John Acuff is a trendmous author and a acomplished speaker. His new book challenges us to become a Quitter. That should make you think. The most valuable feedback I’ve ever been given was the toughest pill to swallow but the best to help me become a better speaker. Enjoy…
Last Friday, from 9AM – 3PM I did something I’ve never done before.
I practiced a speech.
I’ve prepared 30 minute or hour long speeches before, but the Quitter Conference is different. I’ll speak for about four hours. I’ve never had to write that much content before. I’ve never had to take an audience from the start of an idea (How do you figure out your dream) through all the steps in making it happen, all the way to the end of the idea (Knowing when it’s time to jump into a dream fulltime).
And because I want to make sure that people walk away thinking, “I can’t believe that only cost $99,” I’ve jammed approximately 12 hours of ideas into that four hour block of time. It’s an incredible amount of content so last week we scheduled a full dry run with one of the AV guys at work.
It was me, him and 300 empty chairs in the conference center. Until my team leader walked in. (At Dave Ramsey, we don’t have bosses, we have team leaders.)
He came in between session 2 and 3, sat down and started taking notes. I talked to him briefly from stage and then launched into 30 minutes of content.
A half an hour later, we showed the last slide and Bill walked to the front of the stage. This is the moment where I get to see if Bill likes me or not. How will I know? If he’s willing to tell me ways I can get better.
I’ve had bosses or friends in the past that would have patted me on the back, strung together a few rosy sentences of encouragement and left the room. Not Bill.
He walked to the front of the stage and gave me three critical pieces of feedback:
1. I need to work on my cadence. Speaking for 30 minutes takes a different level of emotional intensity than teaching for 4 hours.
2. I need to break up the content with ways to get the crowd involved. I need to find ways to make the content more conversational. We’re going on a ride together that day and I need to make sure everyone feels like there is room for them to get in the car too.
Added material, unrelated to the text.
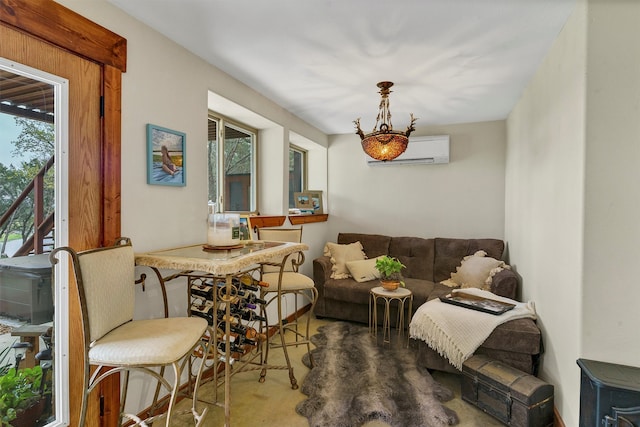 living room with a wall unit AC and a healthy amount of sunlight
3. I need to be careful about the workbook. We created a 40+ page Quitter workbook full of new material. I need to make sure that I’m clear with the attendees that the workbook is full of take home material not just “follow along during the conference” material.
Did I want to hear those pieces of feedback? Not really. I want to do things perfectly the first time and have people like Bill and Chris and everyone in the room just give me a standing ovation.
But that ego driven desire has to lose out to my heart felt desire to serve the audience. For me to get better at what I’m doing so that I can better deliver on that day. And that’s why I need people like Bill in my life who like me enough to help me get better.
Today, survey your own life. Who do you have in it that will tell you the things you might not want to hear? Who do you share your work with?
Who likes you enough to help you get better?